I’ve been playing and designing games almost all my life, and playing published roleplaying games since I was 11 years old (and unofficial ones before that).
I’ve heard some people try to make the case (or just assertion) of that definition (or similar definitions, such as “some things have higher value than other things”) of what a game is, and I would say they are annoyingly trying to impose too narrow a definition of what a game is. Roleplaying games in partictular are quite often played without clearly-defined goals, and with the real goals being to enjoy oneself, to have the experience of shared imaginary worlds, or to experience or explore situations of interest.
I think people who assert that they know the “necessary characteristics of a game” and specify narrow things like that are wrong and annoying.
As for eventually growing out of them, they’re also wrong and annoying about that too. Many people have played RPGs since they were first published as such, and many people have died in their 70s-90s while still being active roleplayers and/or developers of such games.
Again, people who write those things are wrong and being asses.
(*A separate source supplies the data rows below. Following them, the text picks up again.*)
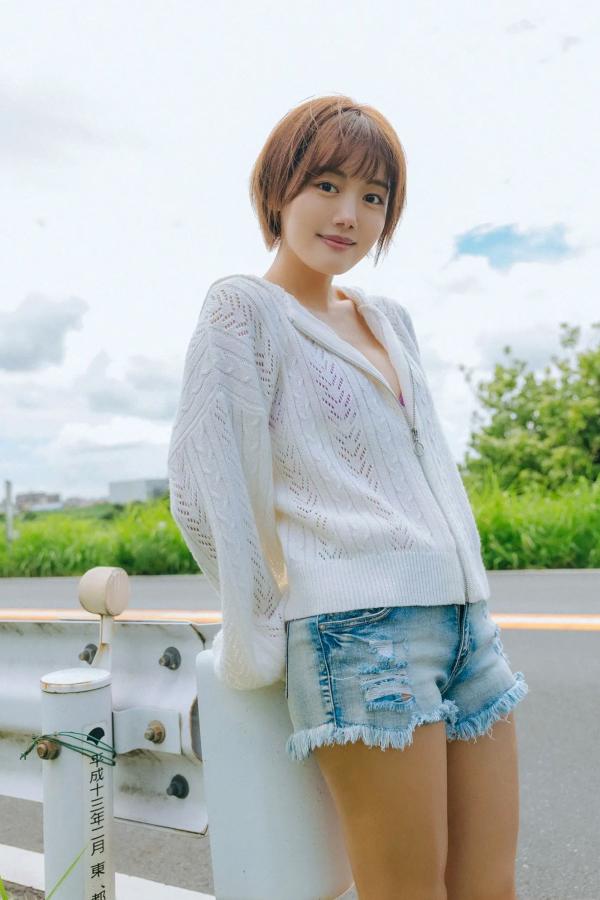    立花紫音 - 阳光动感少女夏日写真，清爽短发比基尼与运动系穿搭，展现元气满满的甜美诱惑第9张图片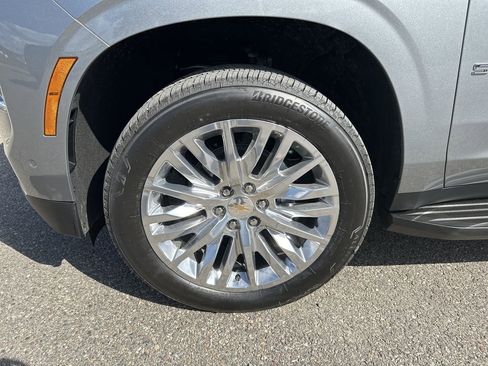 New 2025 Chevrolet Suburban Premier w/ Sun And Tow Package image 24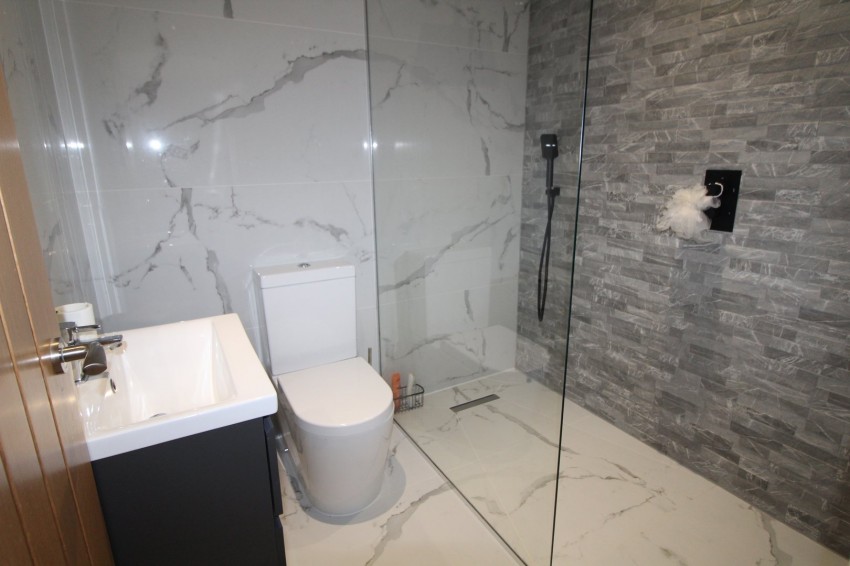 Images for Long Lee, Keighley, West Yorkshire EAID:3030449609 BID:4216801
Also, RPGs can and often do have objectives and scores. But those things are optional, and it’s often said that the real goal is to have fun. Players of such games discover things about what they find fun, and that different players have different ideas about what they want from games. (Unlike the ass-hats who write that RPGs aren’t games.)
Because RPGs have so many different games, styles of games, styles of play, different people running and playing the games exploring what they want to do, and different individual sessions, there is a vast variety in what people do. There are some popular conventions, but those are by no means the best or only ways to play RPGs. To use such an example would be like saying whatever the most popular corporate pop music style currently is, is the way all music is done.
One example:
An experienced player wants to introduce other players to one set of RPG rules. He invites a group of players to come play. They’re told the game will be an arena combat (q.v. Spartacus or Gladiator) and asks each of them to pick from a list of pre-made characters who have their ability ratings and equipment listed. Then he has them choose who is on which team, lays out a map of the combat arena with pieces representing their figures, and guides them through the process of play, asking them what they want to do each turn, explaining their options and how the game determines what happens, and the battle is played out.
Another example:
The host (or “Game Master” (GM)) has developed an entire game world with maps of locations and hundreds of characters and cultures and situation details (or purchased a published one, or some combination of purchasing and inventing). He represents the narrator. The players have designed or chosen various types of characters who they each represent, and personalized them, and developed them through many sessions of play. Play consists of the GM describing the current situation, and the players saying what their characters would like to do, and acting out various conversations between characters in the game world. When some situations develop, there may or may not be various rules systems which determine (or suggest, or help determine, along with GM discretion) what actually happens, often including detailed combat as the group in the first example were playing. The situations can involve all sorts of things. For example, the author of Game Of Thrones plays the Generic Universal RolePlaying System (GURPS, one of the two RPGs I prefer), and the action in those books bears some resemblance to some RPG play, which could include any of the situations seen there.
There are very many other types of example, including LARPS (Live Action RPGs) and styles that are more like improv or collaborative storytelling and/or worldbuilding. it’s an endless topic.